Le nuove priorità dei giovani sulla politica
Ma quali sono i temi che potrebbero spingere i giovani a recarsi alle urne? La risposta è netta e definisce un’agenda chiara. Al primo posto, con il 15,7% delle preferenze, si colloca la lotta al cambiamento climatico. Un dato confermato anche da altri studi, secondo cui per il 46% dei giovani italiani l’ambiente è una delle tre priorità assolute per l’UE, una percentuale di 13 punti superiore alla media europea. Subito dopo viene l’accesso al mondo del lavoro (13,8%), una preoccupazione che, per le fasce più vulnerabili, finisce per oscurare l’attenzione su altre tematiche.
Seguono le politiche fiscali (13,6%) e quelle sui rapporti di genere (12,8%). Fanalini di coda, invece, sono la politica estera (6,3%) e la gestione dei conflitti internazionali (6,1%). Questo apparente disinteresse per le questioni geopolitiche non va letto come superficialità.
Secondo il professor Rosina, i giovani sono proiettati sulle sfide del ventunesimo secolo, quelle su cui sentono di poter incidere positivamente. I conflitti, al contrario, vengono percepiti come un’eredità negativa del Novecento, che l’attuale classe politica non riesce a risolvere, ragionando ancora con schemi superati.

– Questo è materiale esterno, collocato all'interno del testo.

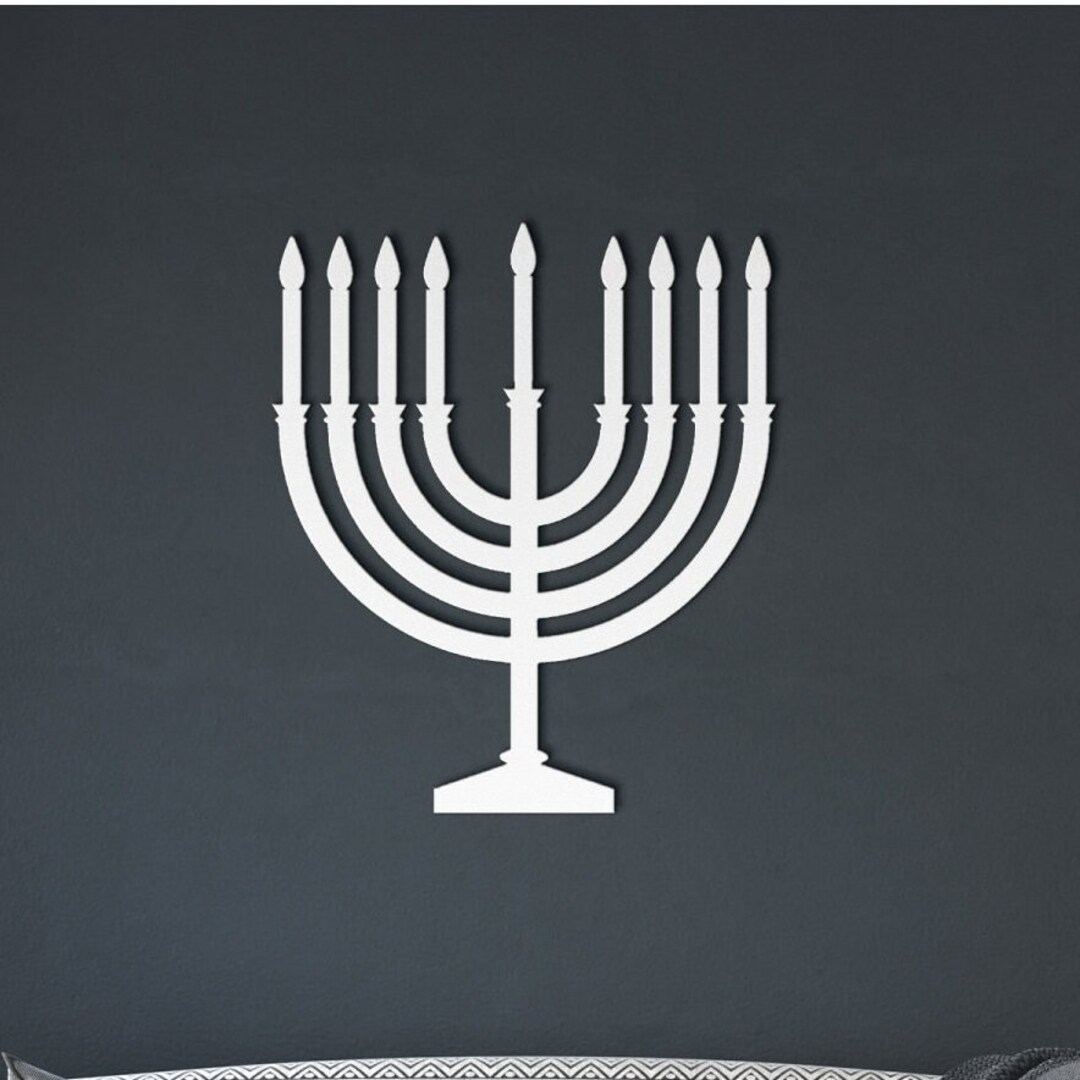 Hanukkah Metal Wall Art Gift Jewish Wall Art Decor Menorah Etsy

Un problema di rappresentanza e di spazio
Alla radice del problema vi è una duplice crisi: di rappresentanza e di rilevanza.

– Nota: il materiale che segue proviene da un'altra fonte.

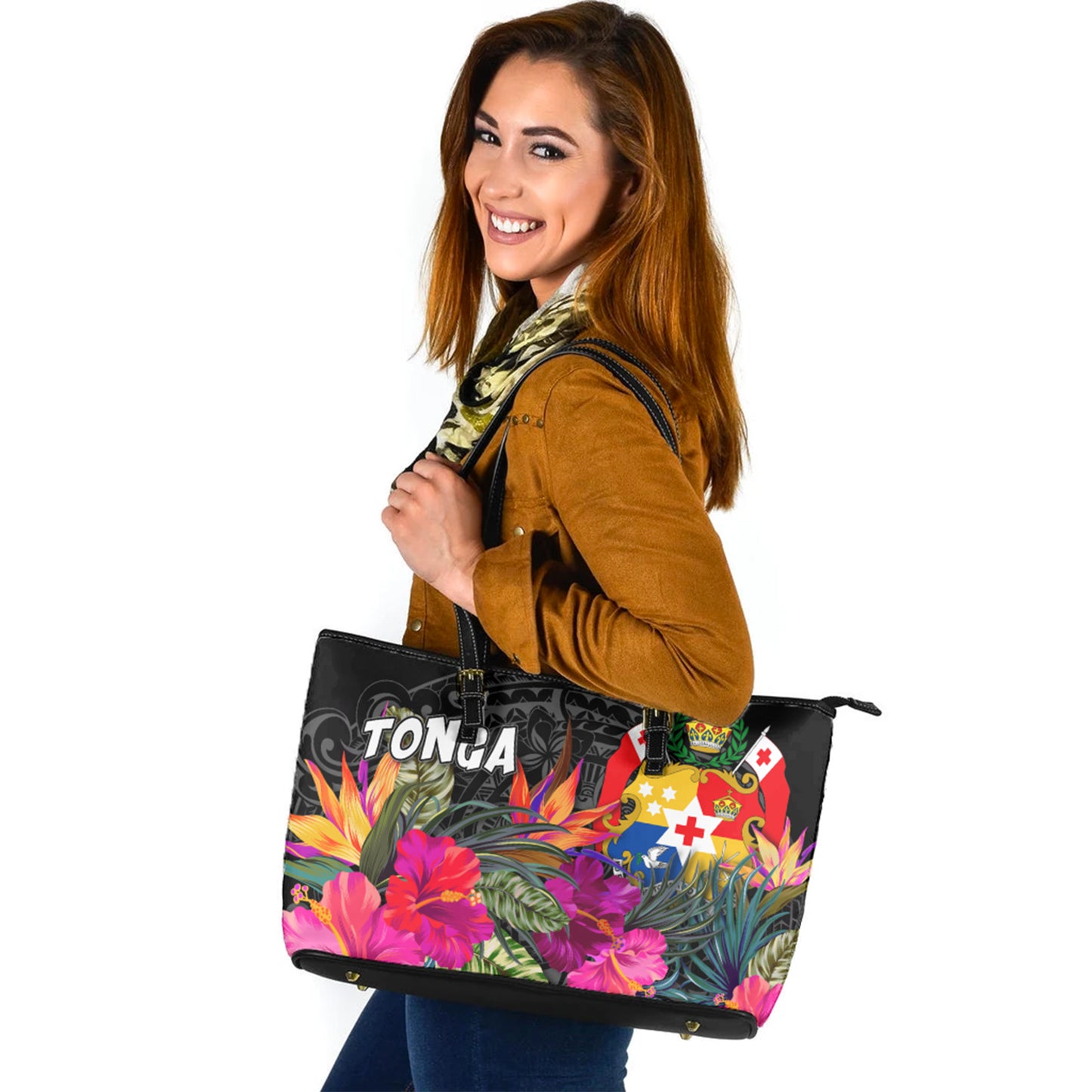 Tonga Custom Personalised Leather Tote Polynesian Hibiscus Pattern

I giovani non si sentono rappresentati perché, di fatto, lo sono pochissimo. Il numero di eletti under 35 è in calo drastico e l’Italia ha una delle soglie più alte in Europa per essere eletti (25 anni). Questa assenza fisica nei palazzi del potere si somma alla debolezza demografica: le nuove generazioni sono numericamente inferiori rispetto alle fasce più anziane della popolazione, il cui peso elettorale finisce per orientare le decisioni collettive.
Eppure, la disaffezione non è un sentimento che appartiene solo ai più giovani. Anche tra la popolazione più matura si avverte un distacco, un legame con le istituzioni che, come evidenziato nell’approfondimento di 50&Più dello scorso gennaio, appare anch’esso “da ricostruire”.
Il rischio, concreto e attuale, è che i giovani si sentano irrilevanti. Se le loro istanze, le loro idee e le loro priorità non trovano ascolto e non si traducono in azioni politiche, la tentazione di cercare un futuro altrove diventa forte. Non è un caso che molti giovani qualificati scelgano di emigrare. La politica, quindi, non deve solo offrire spazi, ma deve dimostrare di volerli riempire con le loro proposte.
La questione posta dal Rapporto, in definitiva, non è se i giovani siano interessati alla politica, ma se la politica sia interessata ai giovani. L’apatia non è la causa, ma la conseguenza di un sistema politico che appare sordo, distante e concentrato su paradigmi del passato.
Per invertire la rotta – suggerisce il professor Rosina – serve un messaggio forte e chiaro da parte della classe dirigente. Il futuro dell’Italia si costruisce con le idee e le energie delle nuove generazioni, dando loro il potere di imprimere una direzione nuova al sistema-paese.